Field work was conducted from January to early April 1996. In addition, interviews of biologists and local citizens were also conducted to expand upon the field observations; the cooperation of these individuals was extremely helpful and sincerely appreciated.
Mitred Conures (also known as Mitred Parakeets) are rather uncommon in captivity, although a number have been exported from Argentina, Bolivia, and Peru -- occasionally confused with shipments of a similar but less commonly exported species, A. wagleri. Of the 97,000 Neotropical psittacines imported into the USA between October 1979 and June 1980, approximately 3500 were Mitred Conures (Roet et al. 1982). Between 1986-1988, the United States imported an annual average of 94,000 Neotropical parrots (99% derived from wild sources), approximately one third were Aratinga species (Thomsen & Mulliken 1992).

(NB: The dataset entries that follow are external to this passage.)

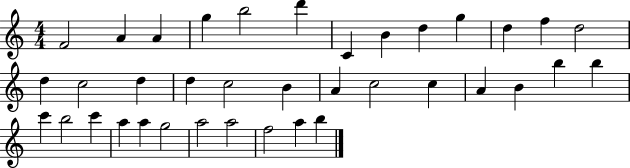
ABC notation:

X:1
T:Untitled
M:4/4
L:1/4
K:C
F2 A A g b2 d' C B d g d f d2 d c2 d d c2 B A c2 c A B b b c' b2 c' a a g2 a2 a2 f2 a b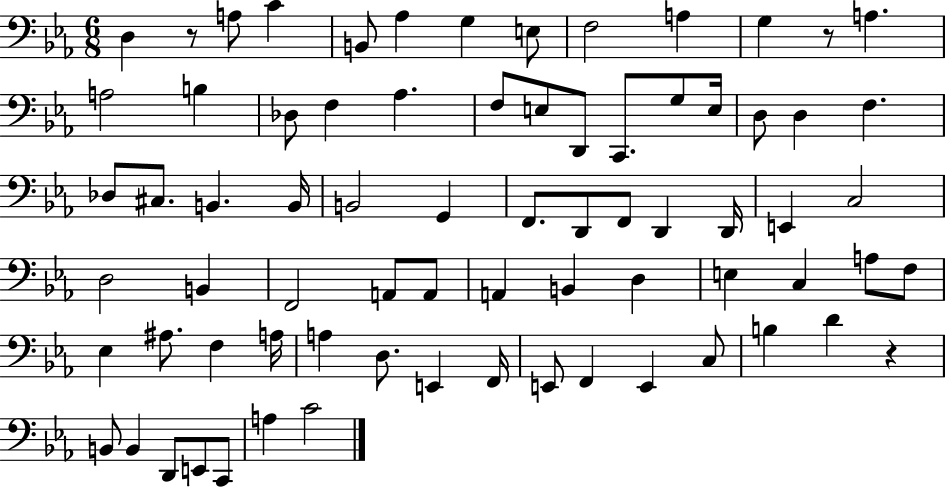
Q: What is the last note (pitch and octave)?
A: C4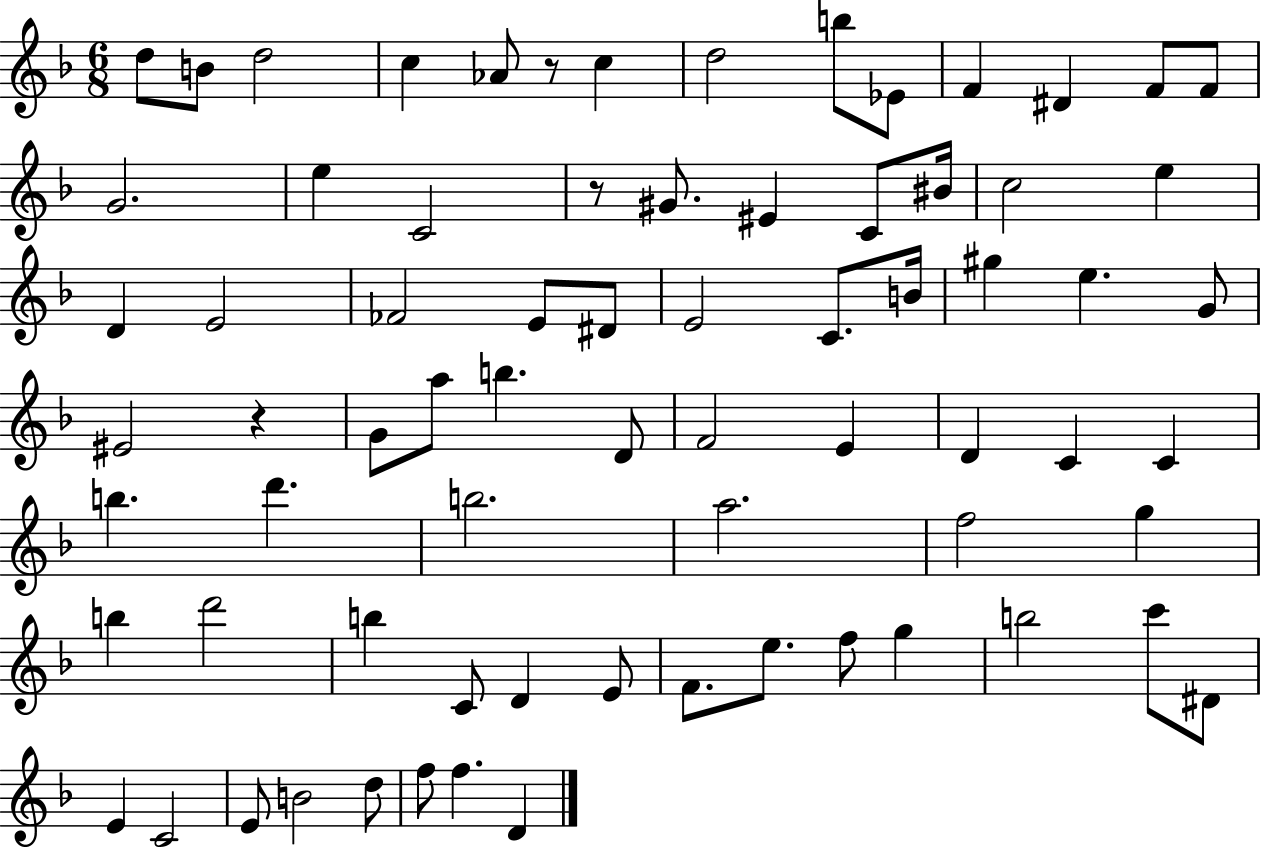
{
  \clef treble
  \numericTimeSignature
  \time 6/8
  \key f \major
  d''8 b'8 d''2 | c''4 aes'8 r8 c''4 | d''2 b''8 ees'8 | f'4 dis'4 f'8 f'8 | \break g'2. | e''4 c'2 | r8 gis'8. eis'4 c'8 bis'16 | c''2 e''4 | \break d'4 e'2 | fes'2 e'8 dis'8 | e'2 c'8. b'16 | gis''4 e''4. g'8 | \break eis'2 r4 | g'8 a''8 b''4. d'8 | f'2 e'4 | d'4 c'4 c'4 | \break b''4. d'''4. | b''2. | a''2. | f''2 g''4 | \break b''4 d'''2 | b''4 c'8 d'4 e'8 | f'8. e''8. f''8 g''4 | b''2 c'''8 dis'8 | \break e'4 c'2 | e'8 b'2 d''8 | f''8 f''4. d'4 | \bar "|."
}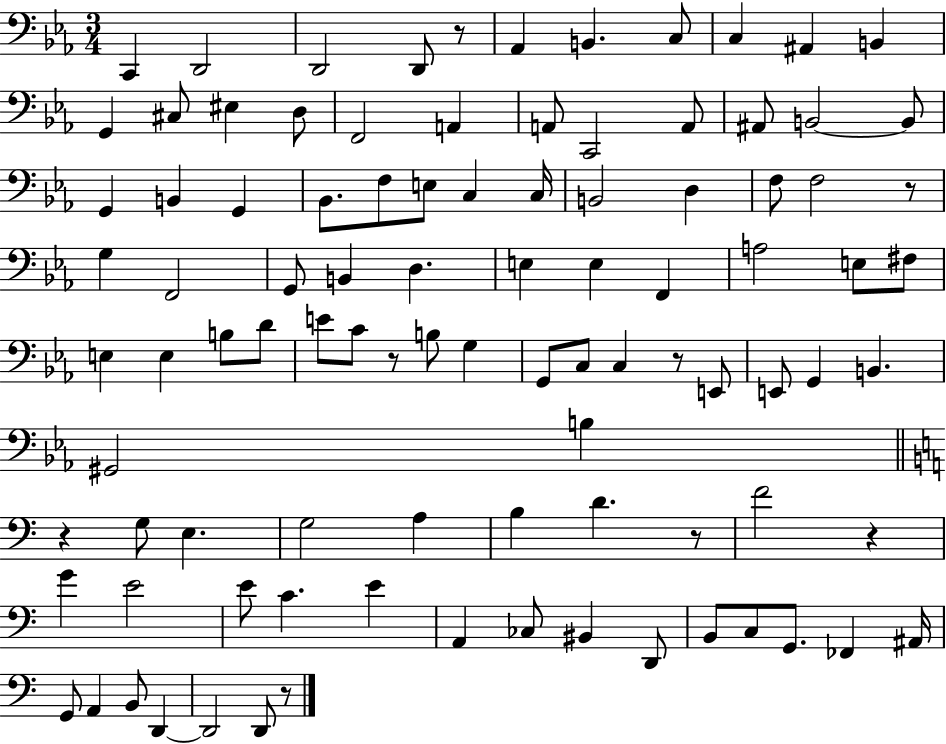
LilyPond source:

{
  \clef bass
  \numericTimeSignature
  \time 3/4
  \key ees \major
  \repeat volta 2 { c,4 d,2 | d,2 d,8 r8 | aes,4 b,4. c8 | c4 ais,4 b,4 | \break g,4 cis8 eis4 d8 | f,2 a,4 | a,8 c,2 a,8 | ais,8 b,2~~ b,8 | \break g,4 b,4 g,4 | bes,8. f8 e8 c4 c16 | b,2 d4 | f8 f2 r8 | \break g4 f,2 | g,8 b,4 d4. | e4 e4 f,4 | a2 e8 fis8 | \break e4 e4 b8 d'8 | e'8 c'8 r8 b8 g4 | g,8 c8 c4 r8 e,8 | e,8 g,4 b,4. | \break gis,2 b4 | \bar "||" \break \key c \major r4 g8 e4. | g2 a4 | b4 d'4. r8 | f'2 r4 | \break g'4 e'2 | e'8 c'4. e'4 | a,4 ces8 bis,4 d,8 | b,8 c8 g,8. fes,4 ais,16 | \break g,8 a,4 b,8 d,4~~ | d,2 d,8 r8 | } \bar "|."
}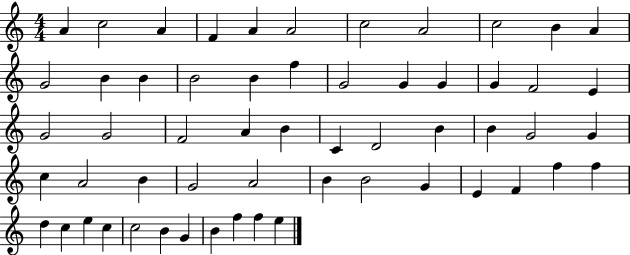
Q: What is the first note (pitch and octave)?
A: A4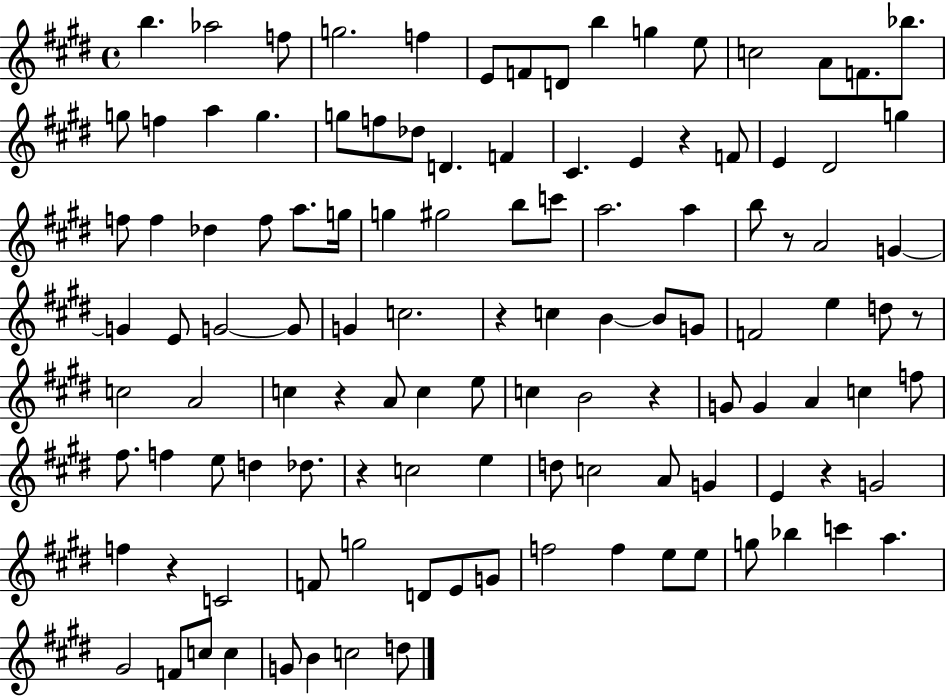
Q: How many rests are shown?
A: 9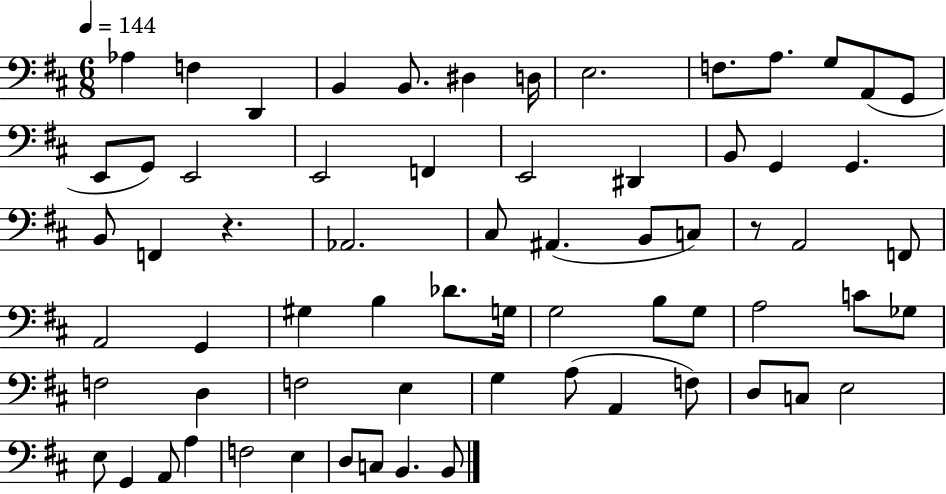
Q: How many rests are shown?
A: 2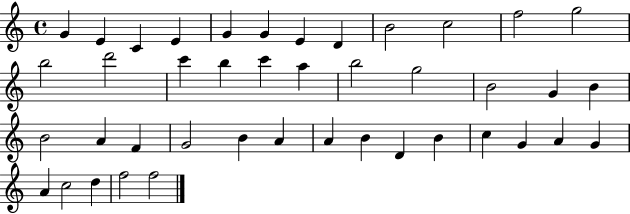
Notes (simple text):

G4/q E4/q C4/q E4/q G4/q G4/q E4/q D4/q B4/h C5/h F5/h G5/h B5/h D6/h C6/q B5/q C6/q A5/q B5/h G5/h B4/h G4/q B4/q B4/h A4/q F4/q G4/h B4/q A4/q A4/q B4/q D4/q B4/q C5/q G4/q A4/q G4/q A4/q C5/h D5/q F5/h F5/h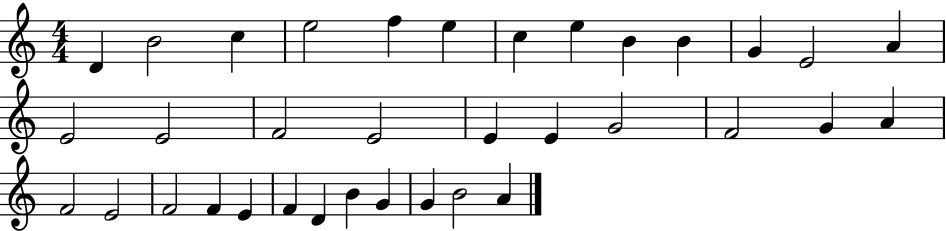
{
  \clef treble
  \numericTimeSignature
  \time 4/4
  \key c \major
  d'4 b'2 c''4 | e''2 f''4 e''4 | c''4 e''4 b'4 b'4 | g'4 e'2 a'4 | \break e'2 e'2 | f'2 e'2 | e'4 e'4 g'2 | f'2 g'4 a'4 | \break f'2 e'2 | f'2 f'4 e'4 | f'4 d'4 b'4 g'4 | g'4 b'2 a'4 | \break \bar "|."
}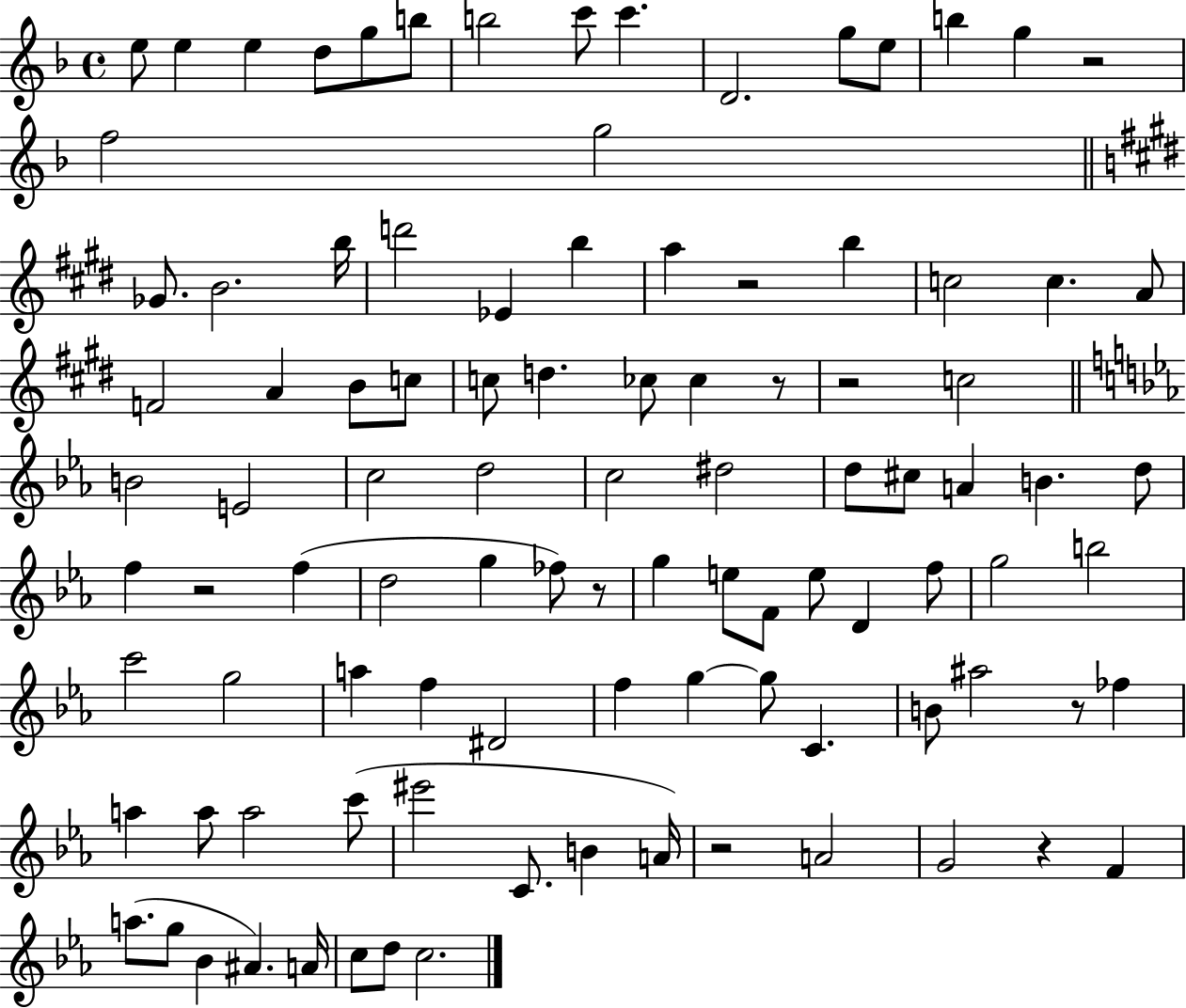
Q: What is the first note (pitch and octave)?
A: E5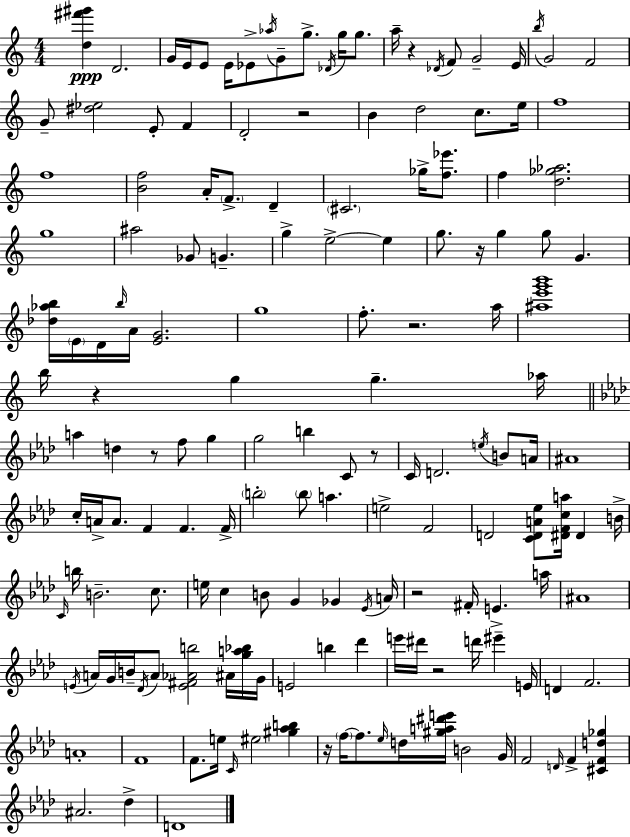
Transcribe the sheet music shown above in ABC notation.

X:1
T:Untitled
M:4/4
L:1/4
K:C
[d^f'^g'] D2 G/4 E/4 E/2 E/4 _E/2 _a/4 G/2 g/2 _D/4 g/4 g/2 a/4 z _D/4 F/2 G2 E/4 b/4 G2 F2 G/2 [^d_e]2 E/2 F D2 z2 B d2 c/2 e/4 f4 f4 [Bf]2 A/4 F/2 D ^C2 _g/4 [f_e']/2 f [d_g_a]2 g4 ^a2 _G/2 G g e2 e g/2 z/4 g g/2 G [_d_ab]/4 E/4 D/4 b/4 A/4 [EG]2 g4 f/2 z2 a/4 [^ae'g'b']4 b/4 z g g _a/4 a d z/2 f/2 g g2 b C/2 z/2 C/4 D2 e/4 B/2 A/4 ^A4 c/4 A/4 A/2 F F F/4 b2 b/2 a e2 F2 D2 [CDA_e]/2 [^DFca]/4 ^D B/4 C/4 b/4 B2 c/2 e/4 c B/2 G _G _E/4 A/4 z2 ^F/4 E a/4 ^A4 E/4 A/4 G/4 B/4 _D/4 A/2 [E^F_Ab]2 ^A/4 [ga_b]/4 G/4 E2 b _d' e'/4 ^d'/4 z2 d'/4 ^e' E/4 D F2 A4 F4 F/2 e/4 C/4 ^e2 [^g_ab] z/4 f/4 f/2 _e/4 d/4 [^ga^d'e']/4 B2 G/4 F2 D/4 F [^CFd_g] ^A2 _d D4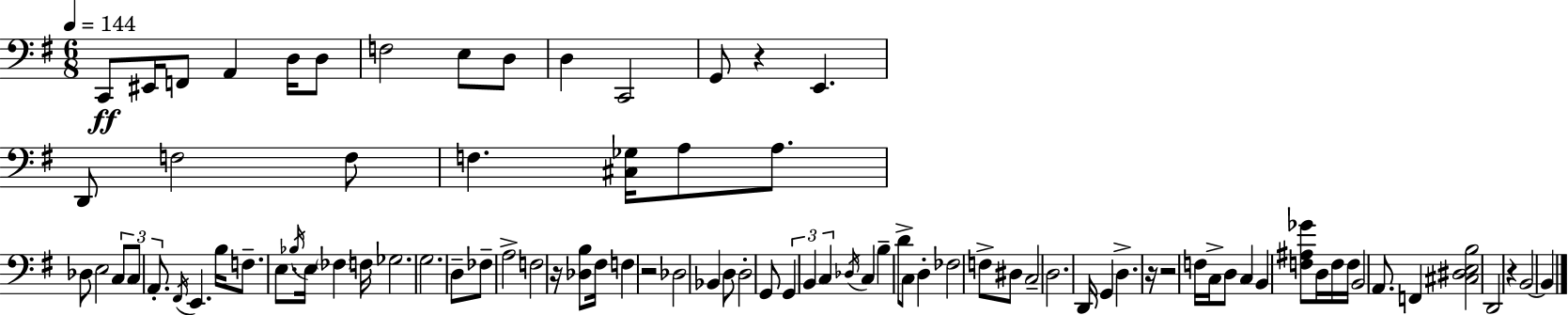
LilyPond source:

{
  \clef bass
  \numericTimeSignature
  \time 6/8
  \key e \minor
  \tempo 4 = 144
  c,8\ff eis,16 f,8 a,4 d16 d8 | f2 e8 d8 | d4 c,2 | g,8 r4 e,4. | \break d,8 f2 f8 | f4. <cis ges>16 a8 a8. | des8 e2 \tuplet 3/2 { c8 | c8 a,8.-. } \acciaccatura { fis,16 } e,4. | \break b16 f8.-- e8. \acciaccatura { bes16 } e16 \parenthesize fes4 | f16 ges2. | g2. | d8-- fes8-- a2-> | \break f2 r16 <des b>8 | fis16 f4 r2 | des2 bes,4 | d8 d2-. | \break g,8 \tuplet 3/2 { g,4 b,4 c4 } | \acciaccatura { des16 } c4 b4-- d'8-> | c8 d4-. fes2 | f8-> dis8 c2-- | \break d2. | d,16 g,4 d4.-> | r16 r2 f16 | c16-> d8 c4 b,4 <f ais ges'>8 | \break d16 f16 f16 b,2 | a,8. f,4 <cis dis e b>2 | d,2 r4 | b,2~~ b,4 | \break \bar "|."
}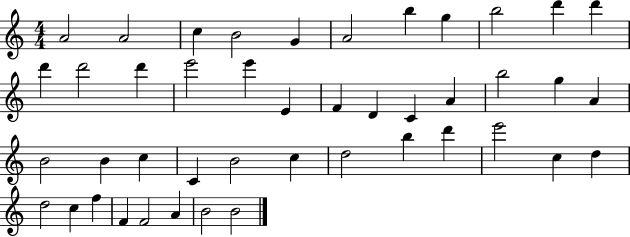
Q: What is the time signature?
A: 4/4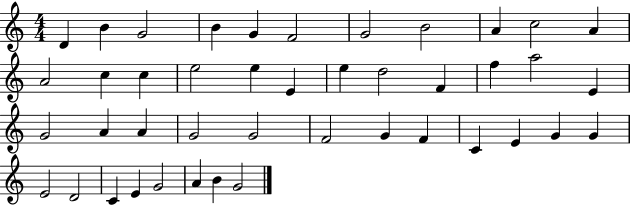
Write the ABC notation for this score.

X:1
T:Untitled
M:4/4
L:1/4
K:C
D B G2 B G F2 G2 B2 A c2 A A2 c c e2 e E e d2 F f a2 E G2 A A G2 G2 F2 G F C E G G E2 D2 C E G2 A B G2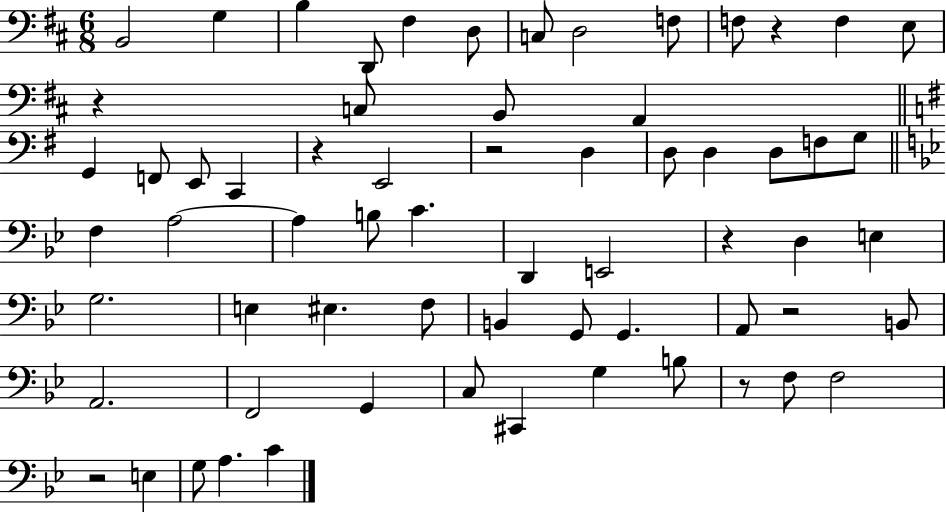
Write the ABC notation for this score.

X:1
T:Untitled
M:6/8
L:1/4
K:D
B,,2 G, B, D,,/2 ^F, D,/2 C,/2 D,2 F,/2 F,/2 z F, E,/2 z C,/2 B,,/2 A,, G,, F,,/2 E,,/2 C,, z E,,2 z2 D, D,/2 D, D,/2 F,/2 G,/2 F, A,2 A, B,/2 C D,, E,,2 z D, E, G,2 E, ^E, F,/2 B,, G,,/2 G,, A,,/2 z2 B,,/2 A,,2 F,,2 G,, C,/2 ^C,, G, B,/2 z/2 F,/2 F,2 z2 E, G,/2 A, C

Aratinga species are highly productive in captivity; therefore, in the future, perhaps aviculture will supply the pet trade so that wild caught birds will be in less demand (Clubb 1992). Silva (1993) reported Argentina (setting an export quote of 7000 for 1991) became the sole exporter of Mitred Conures once trade ceased from Peru and Bolivia.
Numerous introduced populations of parrots exist around the world, rarely have these been Aratinga; yet Aratinga pertinax was established on St. Thomas, U.S. Virgin Islands, before 1860 (Wiley et al. 1992) -- the likely source of individuals now appearing on nearby islands of St. John, Culebra, Tortola, and Puerto Rico (Silva 1993). Recently additional Aratinga species have become established at new locations -- Aratinga mitrata in Puerto Rico, A. leucophthalmus in Puerto Rico and California, A. canicularis in Puerto Rico, and A. holochlora in Texas (Silva 1993).
Species: Aratinga mitrata (Tschudi) 1844 -- Mitred Conure (syn. Mitred Parakeet)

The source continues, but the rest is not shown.